Sunnycam Xtreme Edition Review
The Good
  • Very robust and will not fall off your head easily
  • Water resistant with an IP65 rating
The Bad
  • No image stabilisation so ends with shaky footage
  • Bridge of nose area slightly sharp
3.6Overall Score

So summer is now upon us, meaning people will be spending more time outside. People will be embarking on long hikes in the British countryside, taking to the beach for a dip in the sea and taking part in extreme sports in various parks. Wouldn’t it be great if you could document your summer adventures first hand? Well now you can. Rather than strapping an action cam to your body, Sunnycam has come up with a way of capturing a true first person viewpoint, directly through a set of sunglasses.

The sunglasses themselves are made from a very thick plastic to keep the weight low. There’s nothing worse than having a pair of glasses feel too heavy, as they do start digging into the bridge of your nose. The set we were sent were comfortable, but did have a couple of sharp edges around the bridge, so I had to pick away at the plastic first to make them feel okay. They are a little tight around the temple area, but if you’re going to be swinging your head around while mountain biking, you don’t want them falling off. The entire product is covered in a matte black finish.

They charge via a microUSB cable, of which the port is on the underside of the glasses.

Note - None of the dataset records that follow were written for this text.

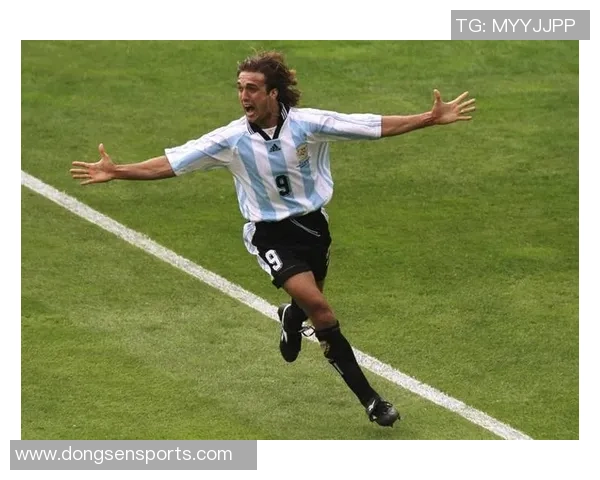 最后的足球传奇:走向巅峰的球星之路与时代变革 最后的足球传奇:走向巅峰的球星之路与时代变革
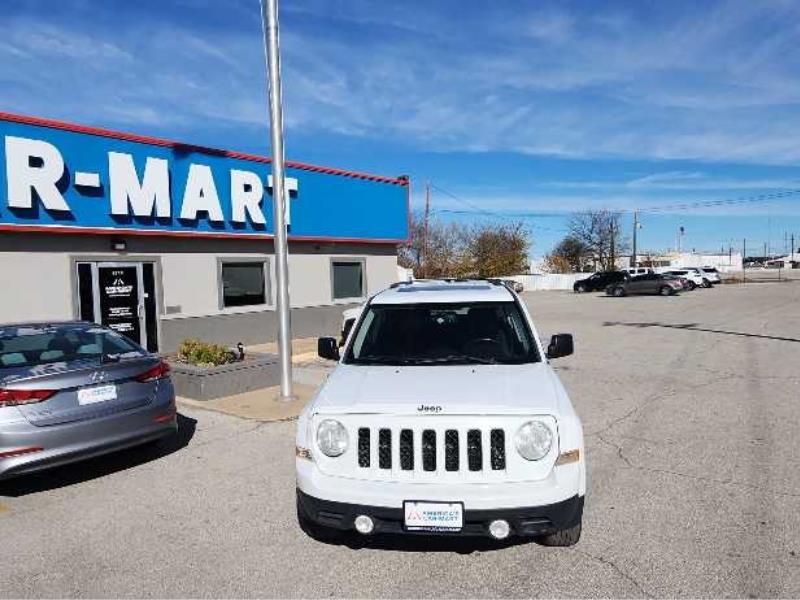 2013 Jeep Patriot Latitude's photo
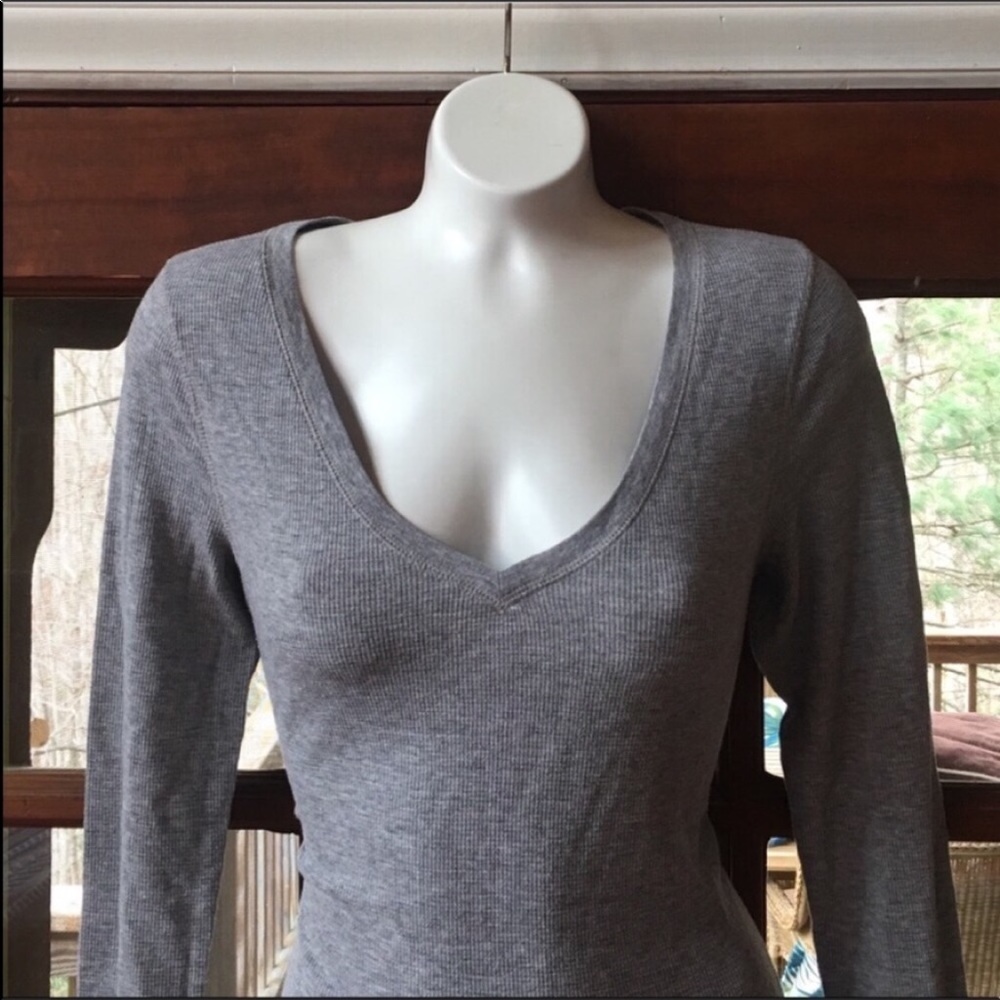 PINK Victoria’s Secret- SEXY Deep V Neck Top Sz M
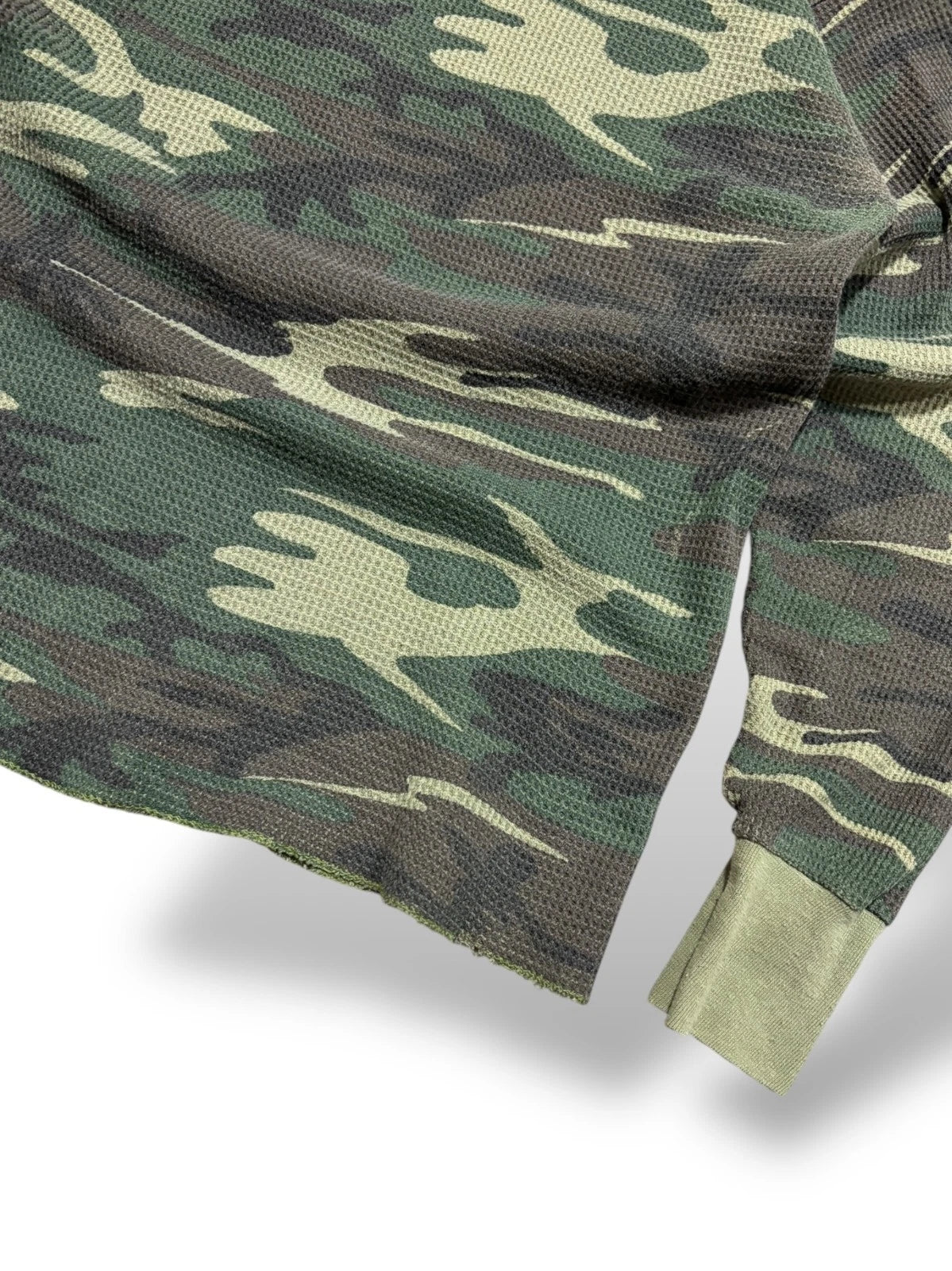 Vintage 1990s Camo Thermal Long Sleeve Shirt - Medium - Green Army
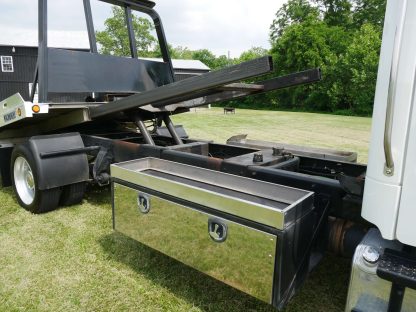 2018 Freightliner M2 106 - Aluminum Bed Rollback - Image 2
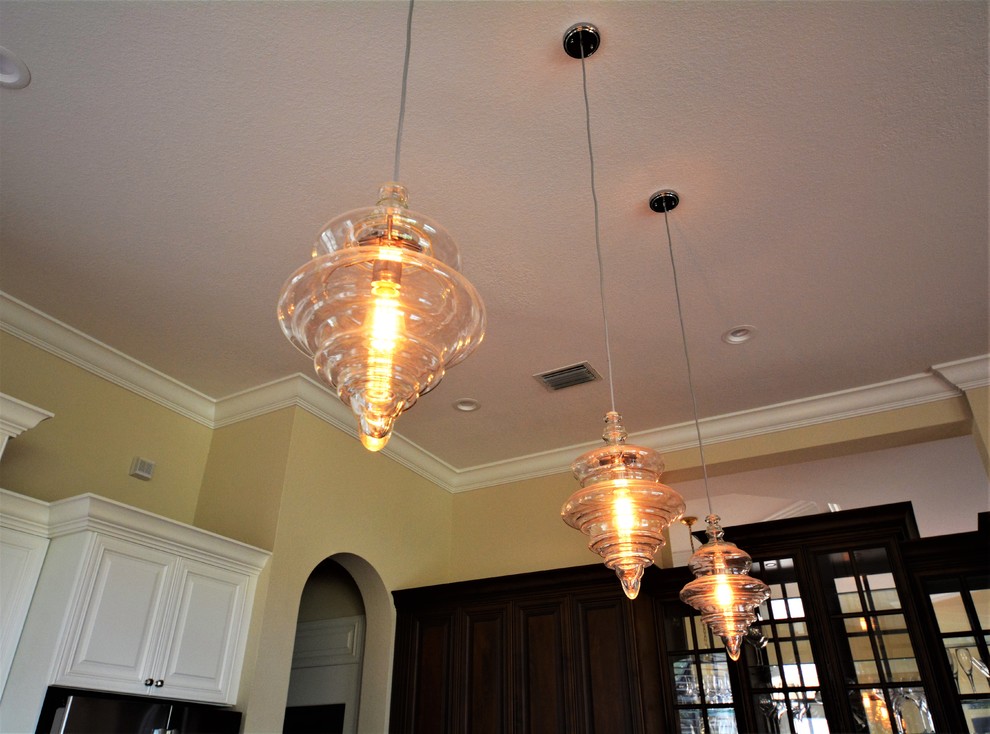 Kitchen - transitional kitchen idea in Miami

The Sunnycam glasses have a 500mAh Lithium-ion battery which will give you around an hour of record time. There is a built-in 16GB storage which will give you close to an hour worth of full 1080p recording time. Not too bad for something that’s built into a pair of sunglasses. No support for extra microSD card, and from what we’ve seen, cannot be connected to a mobile phone. The USB port has a rubber cover to protect them from the elements.

As a whole they are IP65 water resistant, so no submerging, but a rain shower won’t be enough to damage them. If the sunglasses lenses aren’t for you, there are a set of polarizing lenses that come in the box. They’re the type that react to sunlight, and return to being clear once inside. There’s no information on whether you could stick your own prescription lenses inside however, so bare that in mind. And they aren’t big enough to fit over your glasses.

The 1080p recording looks quite nice, considering the camera is so small. The camera has been placed right on the bridge of your nose to capture the widest angle possible. I did stretch out my arms in front of me and I couldn’t see the tips of my fingers on the camera, so not sure what kind of focal length this is so it’s not a true first person viewpoint. There is no built in image stabilisation either so you’re going to experience some shaky video, especially if you’re on a bike going over rough terrain for example.  Even walking you can detect your steps and natural head movements quite clearly.

The picture quality is a little washed out, and looks a little over-exposed in some cases in sunlight. You could apply some kind of colour grading to try and pull back some detail, but it’s by far not the worst picture we’ve seen come out of a portable device like this. It could compare some kind of mid-range smart phone camera.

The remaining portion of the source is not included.